ACTION ITEM.
Please copy every line with the string "pour" from the entries below.
*** RECORDS SUPPLIED Section Begins ***
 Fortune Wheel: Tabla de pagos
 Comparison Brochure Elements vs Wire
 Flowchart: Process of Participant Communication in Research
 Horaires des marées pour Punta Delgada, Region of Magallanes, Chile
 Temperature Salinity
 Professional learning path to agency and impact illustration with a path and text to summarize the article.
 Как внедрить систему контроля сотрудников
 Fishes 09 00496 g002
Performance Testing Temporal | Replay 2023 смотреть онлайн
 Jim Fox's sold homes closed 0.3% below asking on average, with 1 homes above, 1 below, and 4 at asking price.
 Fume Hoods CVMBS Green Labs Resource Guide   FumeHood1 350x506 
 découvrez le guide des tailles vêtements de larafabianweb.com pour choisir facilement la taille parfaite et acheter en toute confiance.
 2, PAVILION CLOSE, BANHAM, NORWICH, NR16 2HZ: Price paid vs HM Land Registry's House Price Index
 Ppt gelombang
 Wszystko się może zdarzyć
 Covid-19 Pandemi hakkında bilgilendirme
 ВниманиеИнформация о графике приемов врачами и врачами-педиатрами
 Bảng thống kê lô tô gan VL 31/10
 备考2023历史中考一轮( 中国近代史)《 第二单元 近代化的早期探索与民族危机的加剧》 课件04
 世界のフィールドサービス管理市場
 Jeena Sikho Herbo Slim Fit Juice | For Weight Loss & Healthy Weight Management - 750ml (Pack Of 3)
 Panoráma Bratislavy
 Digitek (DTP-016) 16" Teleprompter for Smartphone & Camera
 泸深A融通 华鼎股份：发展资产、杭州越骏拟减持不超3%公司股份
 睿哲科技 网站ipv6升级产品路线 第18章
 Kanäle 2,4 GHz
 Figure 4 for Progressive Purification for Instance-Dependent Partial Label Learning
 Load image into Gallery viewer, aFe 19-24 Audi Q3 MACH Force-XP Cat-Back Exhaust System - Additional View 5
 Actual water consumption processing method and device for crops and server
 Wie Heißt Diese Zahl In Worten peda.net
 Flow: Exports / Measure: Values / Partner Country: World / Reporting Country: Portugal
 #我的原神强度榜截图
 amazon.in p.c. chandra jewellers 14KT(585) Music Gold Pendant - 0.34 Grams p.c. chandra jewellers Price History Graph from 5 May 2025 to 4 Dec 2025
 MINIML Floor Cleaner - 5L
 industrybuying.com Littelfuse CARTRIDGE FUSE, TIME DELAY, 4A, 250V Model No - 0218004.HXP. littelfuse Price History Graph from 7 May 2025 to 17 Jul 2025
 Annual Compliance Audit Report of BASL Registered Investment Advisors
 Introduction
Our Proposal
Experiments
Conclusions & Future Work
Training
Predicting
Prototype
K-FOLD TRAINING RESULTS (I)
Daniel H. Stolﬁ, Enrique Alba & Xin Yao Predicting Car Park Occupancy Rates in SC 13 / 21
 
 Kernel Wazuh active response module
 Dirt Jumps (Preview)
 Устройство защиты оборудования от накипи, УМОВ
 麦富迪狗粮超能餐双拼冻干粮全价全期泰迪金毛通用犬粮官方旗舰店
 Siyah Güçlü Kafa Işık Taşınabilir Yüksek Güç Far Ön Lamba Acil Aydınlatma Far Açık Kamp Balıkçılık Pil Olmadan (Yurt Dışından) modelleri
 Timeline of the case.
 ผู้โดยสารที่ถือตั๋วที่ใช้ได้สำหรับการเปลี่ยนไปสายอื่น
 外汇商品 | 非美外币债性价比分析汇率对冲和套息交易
*** RECORDS SUPPLIED Section Ends ***
COMPLETED EXERCISE.
 Horaires des marées pour Punta Delgada, Region of Magallanes, Chile
 découvrez le guide des tailles vêtements de larafabianweb.com pour choisir facilement la taille parfaite et acheter en toute confiance.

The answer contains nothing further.